In 1984 a new occurance happened while at the movies that I'll never forget. A movie scared me. The movie was Gremlins and immediately upon being introduced, I fell in love with Gizmo. The brown and white Mogwai sung songs and looked like the most cuddily pet you could possibly imagine. He sang songs, and could even speak a little. What 6 1/2 year old wouldn't want one of these for himself. Eventually he multiplied and a bunch of other Mogwais came along. They got hungry and tricked Billy into feeding them after midnight (even though that was against the rules). Billy got them some chicken and even offered some to Gizmo who sadly refused. Gizmo knew 6 1/2 year old Mitch was about to close his eyes in a movie for the first (and only time) in his life. The Mogwais went into cocoons and transformed into the devilish Gremlins and first attacked Billy's mother. She fought them off with basic household appliances, and this scene did two things. It scared me so much that I actually put my fingers in front of my eyes so I wouldn't see what happened next. The blender scene bothered me but I was able to watch it. But when she put that Gremlin in the microwave and turned it on, that was too much for me. I hid my eyes and asked my mom if I could leave. She looked down at me and asked if I was sure. With my eyes still hidden from the screen I shrugged. She said "why don't you just take a walk." She took me outside and in the lobby of the theater she said there was nothing to be afraid of since it was only a movie. She asked if I wanted to go back in and finish it. I asked her if it was OK if I closed my eyes again. She said of course. So bravely, I walked back into the theater and sat down. I finished the movie, and did not hide my eyes once. In fact, I loved it. I didn't even scream when Stripe melted at the end. I had conquered my fear of the movies, and made a vow to myself that I would never hide my eyes again. I think I've held up my end of the bargain to myself. There have been many times I've winced from something I've seen, but I've persavered and kept with it.

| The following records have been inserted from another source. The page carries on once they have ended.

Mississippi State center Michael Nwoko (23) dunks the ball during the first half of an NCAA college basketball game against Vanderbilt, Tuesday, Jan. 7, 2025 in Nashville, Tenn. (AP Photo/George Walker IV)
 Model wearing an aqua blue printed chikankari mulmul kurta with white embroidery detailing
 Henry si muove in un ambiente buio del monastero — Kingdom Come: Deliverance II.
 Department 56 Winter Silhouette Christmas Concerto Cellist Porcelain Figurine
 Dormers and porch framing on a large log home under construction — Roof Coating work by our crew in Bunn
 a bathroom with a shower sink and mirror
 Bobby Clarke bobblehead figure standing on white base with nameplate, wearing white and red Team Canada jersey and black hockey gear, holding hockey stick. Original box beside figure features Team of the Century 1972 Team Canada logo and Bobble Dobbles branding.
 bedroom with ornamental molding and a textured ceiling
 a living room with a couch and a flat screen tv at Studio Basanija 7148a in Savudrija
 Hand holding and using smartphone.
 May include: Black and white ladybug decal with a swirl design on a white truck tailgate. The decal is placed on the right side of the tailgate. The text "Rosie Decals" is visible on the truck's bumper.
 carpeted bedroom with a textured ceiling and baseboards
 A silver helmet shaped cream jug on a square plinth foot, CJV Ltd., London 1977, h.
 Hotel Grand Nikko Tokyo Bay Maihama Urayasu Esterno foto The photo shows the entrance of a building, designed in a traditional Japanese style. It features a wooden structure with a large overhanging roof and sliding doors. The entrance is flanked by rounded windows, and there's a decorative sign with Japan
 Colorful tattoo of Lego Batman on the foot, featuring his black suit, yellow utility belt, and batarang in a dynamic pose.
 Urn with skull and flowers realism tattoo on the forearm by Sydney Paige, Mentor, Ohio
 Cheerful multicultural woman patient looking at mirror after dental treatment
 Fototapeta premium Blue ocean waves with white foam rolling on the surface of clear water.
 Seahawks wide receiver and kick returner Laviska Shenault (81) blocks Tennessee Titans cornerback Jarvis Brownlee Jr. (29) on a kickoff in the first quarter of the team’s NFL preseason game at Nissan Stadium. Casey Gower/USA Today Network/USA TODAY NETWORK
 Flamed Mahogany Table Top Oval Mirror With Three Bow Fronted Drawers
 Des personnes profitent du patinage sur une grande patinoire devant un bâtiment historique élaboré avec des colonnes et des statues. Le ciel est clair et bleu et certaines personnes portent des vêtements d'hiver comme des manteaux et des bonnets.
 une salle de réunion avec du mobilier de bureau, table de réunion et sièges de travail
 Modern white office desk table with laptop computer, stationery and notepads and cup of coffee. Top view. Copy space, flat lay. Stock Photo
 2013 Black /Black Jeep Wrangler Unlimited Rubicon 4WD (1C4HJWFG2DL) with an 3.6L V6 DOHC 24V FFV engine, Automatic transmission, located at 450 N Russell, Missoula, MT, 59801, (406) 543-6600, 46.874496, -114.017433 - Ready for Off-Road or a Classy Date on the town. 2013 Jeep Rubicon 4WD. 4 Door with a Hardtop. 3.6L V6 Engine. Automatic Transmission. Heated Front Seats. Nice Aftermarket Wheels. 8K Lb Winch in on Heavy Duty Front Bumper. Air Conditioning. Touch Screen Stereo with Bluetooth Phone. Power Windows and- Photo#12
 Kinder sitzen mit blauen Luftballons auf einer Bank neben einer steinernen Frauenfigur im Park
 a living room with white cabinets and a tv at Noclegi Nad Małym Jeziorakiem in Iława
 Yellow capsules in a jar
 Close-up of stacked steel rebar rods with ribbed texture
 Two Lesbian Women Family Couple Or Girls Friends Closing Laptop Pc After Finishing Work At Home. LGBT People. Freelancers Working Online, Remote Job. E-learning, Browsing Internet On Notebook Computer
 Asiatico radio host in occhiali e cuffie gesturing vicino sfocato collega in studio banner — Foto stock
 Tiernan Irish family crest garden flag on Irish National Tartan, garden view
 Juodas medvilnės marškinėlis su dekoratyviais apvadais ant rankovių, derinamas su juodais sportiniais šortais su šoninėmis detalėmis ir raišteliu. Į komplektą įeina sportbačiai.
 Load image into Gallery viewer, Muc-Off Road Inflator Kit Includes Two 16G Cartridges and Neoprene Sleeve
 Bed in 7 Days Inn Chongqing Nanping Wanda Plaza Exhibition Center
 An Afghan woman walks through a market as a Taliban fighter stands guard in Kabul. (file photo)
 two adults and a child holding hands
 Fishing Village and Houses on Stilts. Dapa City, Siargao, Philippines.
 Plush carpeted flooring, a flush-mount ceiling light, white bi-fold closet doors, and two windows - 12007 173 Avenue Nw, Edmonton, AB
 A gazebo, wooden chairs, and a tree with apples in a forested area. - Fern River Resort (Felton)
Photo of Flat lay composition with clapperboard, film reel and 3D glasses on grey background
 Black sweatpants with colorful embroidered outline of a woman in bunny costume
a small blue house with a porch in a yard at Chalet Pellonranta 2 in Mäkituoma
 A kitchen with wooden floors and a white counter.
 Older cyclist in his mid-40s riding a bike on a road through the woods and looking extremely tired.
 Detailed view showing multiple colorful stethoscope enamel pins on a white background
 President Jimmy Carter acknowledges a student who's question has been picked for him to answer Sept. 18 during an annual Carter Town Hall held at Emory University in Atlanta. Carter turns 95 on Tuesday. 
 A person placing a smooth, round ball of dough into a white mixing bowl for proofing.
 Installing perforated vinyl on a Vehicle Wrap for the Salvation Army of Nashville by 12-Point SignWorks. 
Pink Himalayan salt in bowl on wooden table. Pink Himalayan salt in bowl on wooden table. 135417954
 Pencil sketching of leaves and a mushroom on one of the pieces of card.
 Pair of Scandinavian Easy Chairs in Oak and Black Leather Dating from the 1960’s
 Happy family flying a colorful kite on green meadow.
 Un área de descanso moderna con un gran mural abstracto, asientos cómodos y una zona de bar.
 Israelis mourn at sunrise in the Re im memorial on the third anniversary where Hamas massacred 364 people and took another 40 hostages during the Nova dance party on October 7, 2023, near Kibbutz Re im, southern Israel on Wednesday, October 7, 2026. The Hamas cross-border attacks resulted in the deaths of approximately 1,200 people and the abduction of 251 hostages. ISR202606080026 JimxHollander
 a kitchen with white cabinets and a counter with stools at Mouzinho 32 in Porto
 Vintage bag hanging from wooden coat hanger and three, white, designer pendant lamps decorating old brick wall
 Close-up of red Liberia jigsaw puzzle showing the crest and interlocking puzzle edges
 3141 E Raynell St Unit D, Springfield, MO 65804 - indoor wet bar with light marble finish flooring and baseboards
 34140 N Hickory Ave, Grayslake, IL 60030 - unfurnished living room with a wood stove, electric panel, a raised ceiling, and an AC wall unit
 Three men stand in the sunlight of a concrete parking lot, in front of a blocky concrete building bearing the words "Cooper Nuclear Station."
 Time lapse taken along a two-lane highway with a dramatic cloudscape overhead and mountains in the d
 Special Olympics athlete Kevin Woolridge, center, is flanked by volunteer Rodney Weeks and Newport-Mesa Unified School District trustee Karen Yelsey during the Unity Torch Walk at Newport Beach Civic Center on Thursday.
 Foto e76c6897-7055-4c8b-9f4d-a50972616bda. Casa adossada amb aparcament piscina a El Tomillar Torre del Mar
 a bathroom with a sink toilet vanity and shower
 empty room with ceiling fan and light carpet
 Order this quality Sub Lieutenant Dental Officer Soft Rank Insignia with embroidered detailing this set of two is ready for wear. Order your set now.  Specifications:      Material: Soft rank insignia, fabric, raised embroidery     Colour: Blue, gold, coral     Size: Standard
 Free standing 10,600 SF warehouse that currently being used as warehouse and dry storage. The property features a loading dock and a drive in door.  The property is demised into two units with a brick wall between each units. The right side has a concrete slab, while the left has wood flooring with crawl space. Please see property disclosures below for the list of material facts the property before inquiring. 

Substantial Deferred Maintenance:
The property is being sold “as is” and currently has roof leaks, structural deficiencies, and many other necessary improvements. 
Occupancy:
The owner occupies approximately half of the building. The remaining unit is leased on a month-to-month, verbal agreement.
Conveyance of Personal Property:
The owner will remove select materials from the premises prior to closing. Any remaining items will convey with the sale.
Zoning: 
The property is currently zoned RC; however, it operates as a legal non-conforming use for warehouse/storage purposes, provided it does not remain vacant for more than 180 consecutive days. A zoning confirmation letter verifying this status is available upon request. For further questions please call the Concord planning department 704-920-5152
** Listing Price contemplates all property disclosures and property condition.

In 1987 right around my 10th birthday I had another milestone happen at the movies. I loved a movie so much that after the credits rolled, I didn't leave the theater and just sat there until the movie started again. The movie was The Princess Bride, and I had actually gotten to the theater late. I came into the theater about 10 minutes late, but it didn't matter. I was thrust upon an adventure filled with giants, sword-fighting, pirates and (yes, even) some kissing. I loved the movie immediately and still do. My mother was my date yet again, and she loved it too, but we didn't know how it ended. The movie ended and both of us were so excited, I asked her if we could see it again. She said, we could stay to see the beginning just so we knew how it began. I was so happy. She told me not to leave the theater or we might get caught and if I had to go to the bathroom, the deal was off and we'd have to go home. I did have to go to the bathroom, but that wasn't going to stop me from seeing this fantastic story again. We sat there alone as new people started to show up for the next showing. the lights dimmed, and i finally found out that the kid was home sick and his grandfather was reading him a story. My mother told me we were only going to stay the first 10-15 minutes, but for those reading this blog, I'm sure you can understand how it's nearly impossible to stop watching that movie. I begrudgedly allowed myself to leave after Westley gets caught on the other side of the Fire Swamp. To this day, I still think the movie is a little slower after that, but I may be jaded by my first viewing.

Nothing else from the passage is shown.